Introduction & purpose

In the previous post, the data coming from the accelerometer was analysed in a over-simplistic way: just taking some common statistical measures (e.g. standard deviation) to get an idea of the overall physical activity of the user of the wearable over time. What to do when a more advanced analysis of the data is required?

Such a goal would imply analyzing a time series, and thus the need to understand quite a few far-from-obvious concepts from signal processing. But are these really needed?

Not really, not necessarily. For example in this podcast from O’Reilly, it’s stated that it should be easier to apply a neural network for solving time-series related problems. This post takes the neural network approach for analyzing the accelerometer data, keeping in mind the question on how easy and practical it is, and other problems that pop up (e.g. convergence, processing time…)
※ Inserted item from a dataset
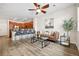 Open living area with wood-style flooring, a fireplace, and access to the kitchen at 6760 Fern Dr, Denver, CO 80221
The post includes code in R, and also a dataset for the accelerometer data, in case you want to follow it along.

Dataset used

The dataset is the same as the one used in the previous post, you can find it in this R data file. Just download it and then load it into your R session.

Although this post intends to be self-contained, of course it could be better if you read quickly that previous post.

References

From this podcast from O’Reilly, already mentioned, find below a nice quote from Christopher Nguyen, interviewed in the podcast, co-founder of Arimo,

Let’s divide the world into before deep learning on time series and after deep learning on time series. Techniques exist for processing time series, yet I would say they’re too hard. It’s possible, but it costs too much or it’s too hard using traditional techniques, and it yields a value that hasn’t been worth the investment. Deep learning flips that around and gets you much larger value for less effort.

Besides, there’s quite a lot of info around on how to actually do it. One nice summary of the most straight-forward approach can be found in this Cross-Validated answer -in this post, the approach used is even more naive, but on the same lines. Actually, as usually happens, this is far from a new idea, take a look to the following link, a time series forecasting competition using neural networks in 2010.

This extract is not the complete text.